> EXERCISE PROMPT
Of the material below, the lines to be retyped are those from the line containing "Pure Western Childrens" through the line containing "Armadietto a due", inclusive; reproduce them exactly.

> INPUT RECORDS
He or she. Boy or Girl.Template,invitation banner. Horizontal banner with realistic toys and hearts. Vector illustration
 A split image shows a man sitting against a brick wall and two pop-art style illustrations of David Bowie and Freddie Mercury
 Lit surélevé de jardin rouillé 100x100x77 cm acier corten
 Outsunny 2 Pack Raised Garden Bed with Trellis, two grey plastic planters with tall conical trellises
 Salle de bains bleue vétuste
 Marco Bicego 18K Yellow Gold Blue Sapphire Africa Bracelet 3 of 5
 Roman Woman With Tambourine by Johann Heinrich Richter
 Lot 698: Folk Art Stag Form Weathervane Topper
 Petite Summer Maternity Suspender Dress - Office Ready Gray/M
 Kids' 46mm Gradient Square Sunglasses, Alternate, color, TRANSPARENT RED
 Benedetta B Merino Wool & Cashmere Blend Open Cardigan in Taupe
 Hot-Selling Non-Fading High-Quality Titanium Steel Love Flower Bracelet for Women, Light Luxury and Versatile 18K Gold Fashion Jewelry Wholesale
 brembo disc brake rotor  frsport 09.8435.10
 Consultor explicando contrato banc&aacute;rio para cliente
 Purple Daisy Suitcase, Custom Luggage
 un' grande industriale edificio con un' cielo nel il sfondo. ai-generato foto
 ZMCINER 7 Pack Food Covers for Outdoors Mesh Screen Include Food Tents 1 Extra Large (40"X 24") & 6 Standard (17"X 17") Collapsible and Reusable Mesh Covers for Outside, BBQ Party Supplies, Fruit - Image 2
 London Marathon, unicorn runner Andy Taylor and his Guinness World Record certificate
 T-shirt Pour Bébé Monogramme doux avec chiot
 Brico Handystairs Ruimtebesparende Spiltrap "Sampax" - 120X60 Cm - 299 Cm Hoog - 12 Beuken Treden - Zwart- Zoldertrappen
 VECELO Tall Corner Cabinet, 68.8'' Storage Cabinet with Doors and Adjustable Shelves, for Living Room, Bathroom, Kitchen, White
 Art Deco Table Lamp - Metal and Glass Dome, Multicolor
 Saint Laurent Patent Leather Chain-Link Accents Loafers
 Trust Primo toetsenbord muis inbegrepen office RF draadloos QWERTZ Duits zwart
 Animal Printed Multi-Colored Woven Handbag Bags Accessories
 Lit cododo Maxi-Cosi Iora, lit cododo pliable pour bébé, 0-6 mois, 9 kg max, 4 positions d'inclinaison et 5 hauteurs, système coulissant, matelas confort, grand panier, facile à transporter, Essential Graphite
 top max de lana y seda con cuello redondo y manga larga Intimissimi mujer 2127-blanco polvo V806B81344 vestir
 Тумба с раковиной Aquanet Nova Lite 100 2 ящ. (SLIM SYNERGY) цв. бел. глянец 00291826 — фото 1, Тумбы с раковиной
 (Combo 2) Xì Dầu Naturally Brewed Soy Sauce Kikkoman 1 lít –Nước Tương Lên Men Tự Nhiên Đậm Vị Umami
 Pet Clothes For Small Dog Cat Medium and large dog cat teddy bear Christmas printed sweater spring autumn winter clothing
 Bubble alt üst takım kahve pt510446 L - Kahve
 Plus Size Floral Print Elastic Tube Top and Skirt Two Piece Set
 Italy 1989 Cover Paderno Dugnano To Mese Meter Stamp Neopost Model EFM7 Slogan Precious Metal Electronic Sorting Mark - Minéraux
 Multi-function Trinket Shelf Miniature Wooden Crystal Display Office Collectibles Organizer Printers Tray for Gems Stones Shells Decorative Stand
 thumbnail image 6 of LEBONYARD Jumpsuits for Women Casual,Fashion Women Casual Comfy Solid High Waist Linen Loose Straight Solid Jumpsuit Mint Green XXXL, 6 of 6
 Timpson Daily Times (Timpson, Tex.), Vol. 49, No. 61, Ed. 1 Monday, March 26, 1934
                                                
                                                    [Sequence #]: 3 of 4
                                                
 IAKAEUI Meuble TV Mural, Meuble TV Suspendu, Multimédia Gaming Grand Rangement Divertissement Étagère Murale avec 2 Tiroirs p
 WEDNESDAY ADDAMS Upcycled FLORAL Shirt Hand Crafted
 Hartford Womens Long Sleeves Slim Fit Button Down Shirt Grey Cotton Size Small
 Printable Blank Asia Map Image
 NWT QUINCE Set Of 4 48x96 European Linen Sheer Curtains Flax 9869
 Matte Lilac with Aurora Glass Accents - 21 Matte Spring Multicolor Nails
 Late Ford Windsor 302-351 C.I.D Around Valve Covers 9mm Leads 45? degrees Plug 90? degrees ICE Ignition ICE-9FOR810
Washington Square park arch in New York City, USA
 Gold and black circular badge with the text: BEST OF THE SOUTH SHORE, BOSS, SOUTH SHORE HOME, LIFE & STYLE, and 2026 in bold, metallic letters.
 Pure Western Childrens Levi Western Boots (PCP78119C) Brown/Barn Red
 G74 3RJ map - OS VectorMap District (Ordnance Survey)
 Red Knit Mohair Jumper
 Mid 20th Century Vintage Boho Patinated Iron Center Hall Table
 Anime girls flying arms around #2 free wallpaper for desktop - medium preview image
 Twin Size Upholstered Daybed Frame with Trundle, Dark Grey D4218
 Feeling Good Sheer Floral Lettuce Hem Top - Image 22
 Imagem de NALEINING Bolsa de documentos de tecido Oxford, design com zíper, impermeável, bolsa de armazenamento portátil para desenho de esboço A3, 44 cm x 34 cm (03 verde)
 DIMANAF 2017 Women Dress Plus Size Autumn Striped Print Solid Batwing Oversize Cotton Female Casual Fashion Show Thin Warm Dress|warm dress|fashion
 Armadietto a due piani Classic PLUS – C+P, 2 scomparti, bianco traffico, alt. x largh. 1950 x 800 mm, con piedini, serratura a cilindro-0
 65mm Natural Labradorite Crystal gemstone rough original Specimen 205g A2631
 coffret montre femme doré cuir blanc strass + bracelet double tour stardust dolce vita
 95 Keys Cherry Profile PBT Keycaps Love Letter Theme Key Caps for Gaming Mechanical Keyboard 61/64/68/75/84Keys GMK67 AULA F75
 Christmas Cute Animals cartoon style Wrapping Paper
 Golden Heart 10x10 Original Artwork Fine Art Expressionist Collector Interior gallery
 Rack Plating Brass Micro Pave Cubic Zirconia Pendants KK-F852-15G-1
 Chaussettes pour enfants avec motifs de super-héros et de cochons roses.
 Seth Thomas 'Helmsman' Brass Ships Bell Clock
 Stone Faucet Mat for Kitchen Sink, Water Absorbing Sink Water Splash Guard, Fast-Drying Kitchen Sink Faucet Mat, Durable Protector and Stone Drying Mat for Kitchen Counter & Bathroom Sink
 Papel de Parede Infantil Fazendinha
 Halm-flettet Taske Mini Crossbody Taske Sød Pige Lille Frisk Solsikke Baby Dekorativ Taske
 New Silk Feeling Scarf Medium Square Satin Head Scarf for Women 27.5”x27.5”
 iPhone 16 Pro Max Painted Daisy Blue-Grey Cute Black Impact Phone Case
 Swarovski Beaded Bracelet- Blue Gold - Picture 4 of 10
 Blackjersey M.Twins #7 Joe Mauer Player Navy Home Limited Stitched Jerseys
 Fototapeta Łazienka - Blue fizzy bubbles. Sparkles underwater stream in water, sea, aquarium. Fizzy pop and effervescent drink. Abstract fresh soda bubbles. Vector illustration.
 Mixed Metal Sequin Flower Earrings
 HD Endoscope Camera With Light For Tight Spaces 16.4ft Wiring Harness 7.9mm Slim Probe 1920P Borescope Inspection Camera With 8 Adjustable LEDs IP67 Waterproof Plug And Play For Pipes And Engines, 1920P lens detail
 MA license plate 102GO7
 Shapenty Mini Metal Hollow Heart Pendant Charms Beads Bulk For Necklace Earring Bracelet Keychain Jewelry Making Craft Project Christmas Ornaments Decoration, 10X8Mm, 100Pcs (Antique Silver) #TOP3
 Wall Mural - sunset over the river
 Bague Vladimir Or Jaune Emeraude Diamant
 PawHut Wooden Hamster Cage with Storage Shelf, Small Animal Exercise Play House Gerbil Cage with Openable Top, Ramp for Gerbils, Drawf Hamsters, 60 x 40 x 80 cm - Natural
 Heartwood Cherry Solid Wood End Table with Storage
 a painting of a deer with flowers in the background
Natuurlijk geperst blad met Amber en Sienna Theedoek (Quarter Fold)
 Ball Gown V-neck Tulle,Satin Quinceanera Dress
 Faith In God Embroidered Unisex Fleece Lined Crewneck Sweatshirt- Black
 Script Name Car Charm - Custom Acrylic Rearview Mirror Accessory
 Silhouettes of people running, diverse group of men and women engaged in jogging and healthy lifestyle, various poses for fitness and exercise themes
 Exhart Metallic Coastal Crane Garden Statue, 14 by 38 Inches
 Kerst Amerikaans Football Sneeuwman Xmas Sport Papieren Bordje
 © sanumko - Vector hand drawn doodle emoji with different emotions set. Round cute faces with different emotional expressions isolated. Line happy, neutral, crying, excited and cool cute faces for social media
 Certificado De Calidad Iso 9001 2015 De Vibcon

> YOUR SOLUTION
 Pure Western Childrens Levi Western Boots (PCP78119C) Brown/Barn Red
 G74 3RJ map - OS VectorMap District (Ordnance Survey)
 Red Knit Mohair Jumper
 Mid 20th Century Vintage Boho Patinated Iron Center Hall Table
 Anime girls flying arms around #2 free wallpaper for desktop - medium preview image
 Twin Size Upholstered Daybed Frame with Trundle, Dark Grey D4218
 Feeling Good Sheer Floral Lettuce Hem Top - Image 22
 Imagem de NALEINING Bolsa de documentos de tecido Oxford, design com zíper, impermeável, bolsa de armazenamento portátil para desenho de esboço A3, 44 cm x 34 cm (03 verde)
 DIMANAF 2017 Women Dress Plus Size Autumn Striped Print Solid Batwing Oversize Cotton Female Casual Fashion Show Thin Warm Dress|warm dress|fashion
 Armadietto a due piani Classic PLUS – C+P, 2 scomparti, bianco traffico, alt. x largh. 1950 x 800 mm, con piedini, serratura a cilindro-0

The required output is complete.